[[ AVAILABLE RECORDS, beginning ]]

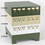 Globe Scientific 513500G Slide Storage Cabinet, 6 Drawers, Holds up to 4500 slides, Metal, Green, Price/Each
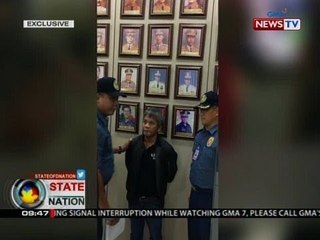 SONA: Edgar Matobato, sumuko sa PNP dahil sa arrest warrant laban sa kanya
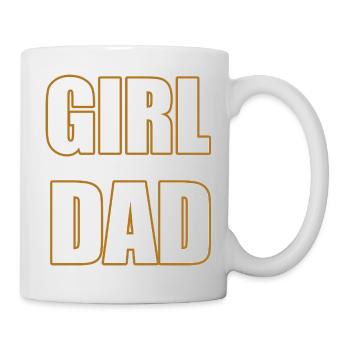 Papa fille Fier Père de Filles Chemise - Mug blanc - blanc - Droite
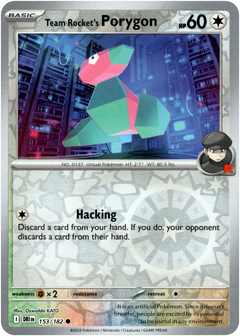 Team Rocket's Porygon - 153/182 - Destined Rivals - Reverse Holo - Card Cavern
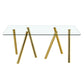 Dining Table With Transparent Surface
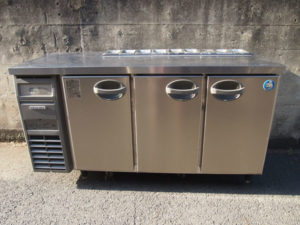 【安く購入】フクシマ サンドイッチ冷蔵コールドテーブル ヨコ型冷蔵庫 YRW-120RM2-F W1200×D750×H800 未使用☆TA0036 フクシマ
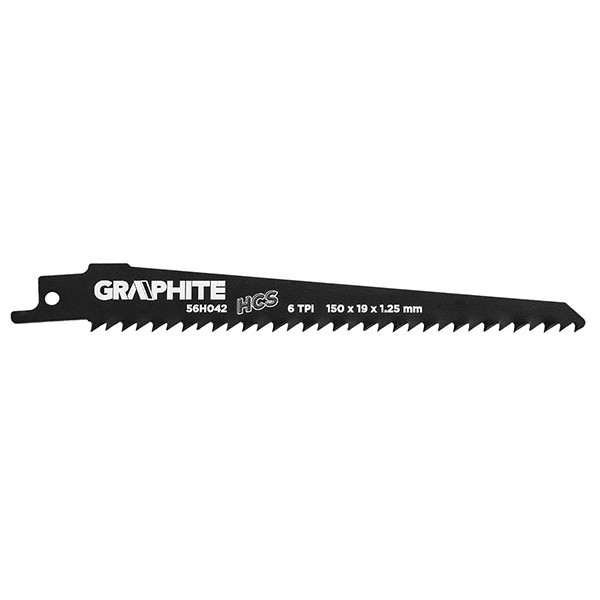 Panza pentru ferastrau sabie HCS 150x19x1.25 mm 6TPI set-2buc. GRAPHITE 56H042 HardWork ToolsRange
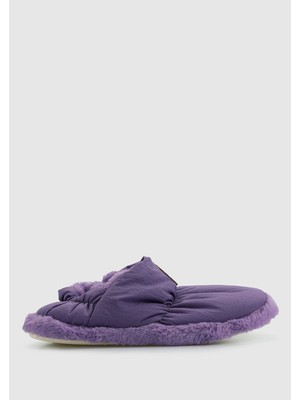Peluche Mor Kadın Ev Terliği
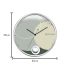 Titan Contemporary Round Pendulum Clock with a Metallic Finish and Silent Sweep - 35 cm x 35 cm (Medium)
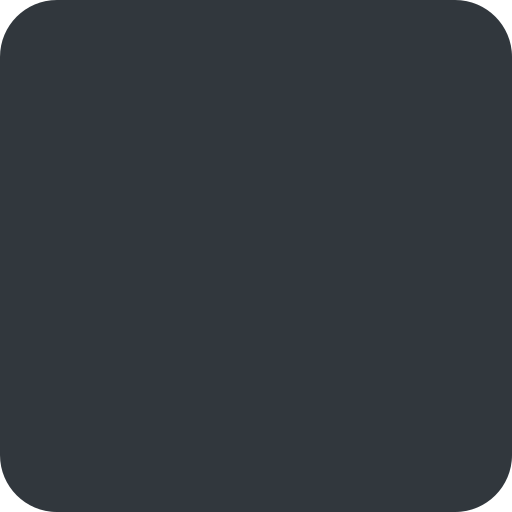 black large square as rendered by Twitter / X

[[ AVAILABLE RECORDS, end ]]

PROBLEM REQUIREMENTS:
Once you find the line that contains "Peluche Mor Kadın Ev Terliği", reproduce it and every line after it through the end of the entries above, exactly as written, with no pictures.

SOLUTION FOR THIS PROBLEM:
Peluche Mor Kadın Ev Terliği
 Titan Contemporary Round Pendulum Clock with a Metallic Finish and Silent Sweep - 35 cm x 35 cm (Medium)
 black large square as rendered by Twitter / X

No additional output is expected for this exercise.